Nun räumte Wück Probleme in der Kommunikation mit den Nationalspielerinnen ein. "Kommunikation ist und bleibt ein sehr wichtiges Thema", sagte der 51-Jährige: "Und wenn es da Irritationen gibt, und die hat's dann halt auch gegeben, dann muss man die klären." Weiter verriet der Bundestrainer, dass es inzwischen Gesprächen mit Anyomi und Rauch gegeben habe, bei denen Missverständnisse ausgeräumt worden sind.
Guter und reger Austausch
"Nicht nur das: Wir haben natürlich dann auch aktiv mit der Mannschaft, mit dem Mannschaftsrat zuallererst, noch mal das Thema aufgegriffen. Ich habe gesagt, wie ich die Kommunikation bei Nominierungen oder auch zwischen den Lehrgängen behandle", erläuterte Wück und befand: "Es war ein guter Austausch, ein reger Austausch. Von daher ist die Sache für uns intern schon längst erledigt.
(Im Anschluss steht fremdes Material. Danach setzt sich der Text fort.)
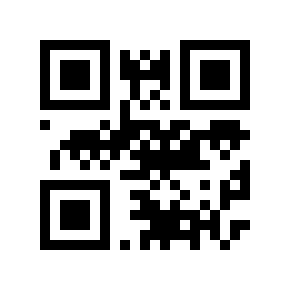 QR code 837462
In der Öffentlichkeit anscheinend noch nicht."
Die Spiele in Bremen gegen die Niederlande und in Wien gegen Österreich sind die letzten zwei Partien vor dem Start der Europameisterschaft in der Schweiz (2. bis 27. Juli). Am Freitag kann Deutschland mit einem Sieg über Oranje dabei das Ticket fürs Final Four der Nations League lösen.